On her approach during a meet? “If you look at the history of my meets, I tend to finish better when I zone out the competition and just focus on myself,” she said.

Taking it a step forward, though, Kline described one of her best feelings ever when she focused on … well, nothing. Going back to her qualifying for NCAAs, she explained how she needed to hit her last dive and how she pulled it off.

“After a dive that I do really well, usually I will come out and ask ‘What was I thinking?’” she said. “Usually, there was nothing. My body was just doing it, which is just the coolest feeling ever.

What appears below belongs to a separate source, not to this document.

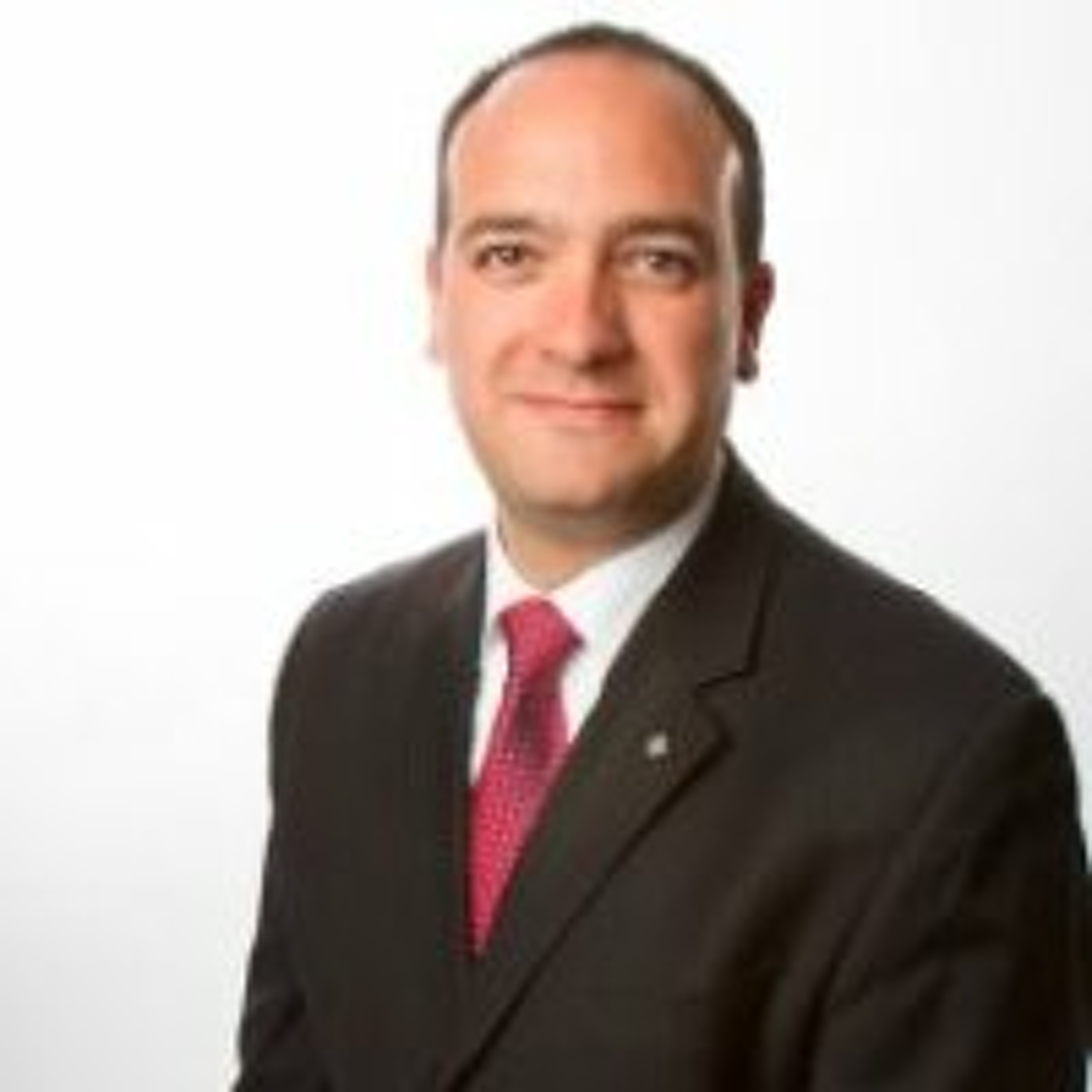 Everything Co-op with Vernon Oakes
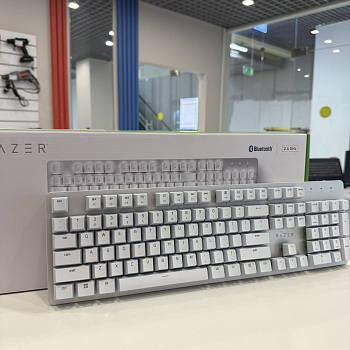 Клавиатура Razer Pro Type Ultra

“Like, last year at NCAA Zones on the 3-meter, I had to hit my last dive – a full out – for 7.5-8’s (scores). I knew that I could do it, but I didn’t think about anything. My body just did it, and I did it for 8s. It’s weird. When you do a good dive, most of the time, you just aren’t thinking. It’s odd, but it’s just a really cool feeling to have that happen, and it doesn’t happen every day.”

For sure, it’s been cool having Logan Kline in Blacksburg. It took a building to help convince her, but Tech and the town of Christiansburg teamed to build it and now the best are coming to this university. She’s been one of the first of hopefully many.


Q: What is your favorite event?

LK: I would say I am most consistent on the 1-meter, for sure, but I do like to compete in the 10-meter. I just feel less pressure up there, and there’s no board movement, which I get nervous about in the meets.

Q: Do you have any pre-meet rituals?

LK: I always repaint my toenails before a meet, just so I can look down when I’m waiting to go. So they look pretty. It’s usually pink, a hot pink color. It might be weird, but I tend to do that.

Q: Do you eat anything special before a meet?

LK: Yeah, I used to really like bananas, but I couldn’t tell you the last time I ate a banana. But I do like to have peanut butter, take a bite here or there. I don’t like to eat full meals before a competition, so it’s just nice to have something to give me a little bit of energy before a meet.

Q: Do you enjoy any other sports?

LK: I played tennis for a little bit, just because my mom did that. Actually, if I hadn’t been a diver, I feel like I would have been a tennis player. I’m not sure if I am tall enough, but I would have liked to have played that.

Q: What’s your plan after this season?

LK: I’m doing a fifth semester because want to go to med school to be a dermatologist. I wasn’t really ready to apply and start next fall. So I will apply this summer, and I think I’m going to apply early decision to Kansas. The med school is actually in Kansas City, so it’s right where I live.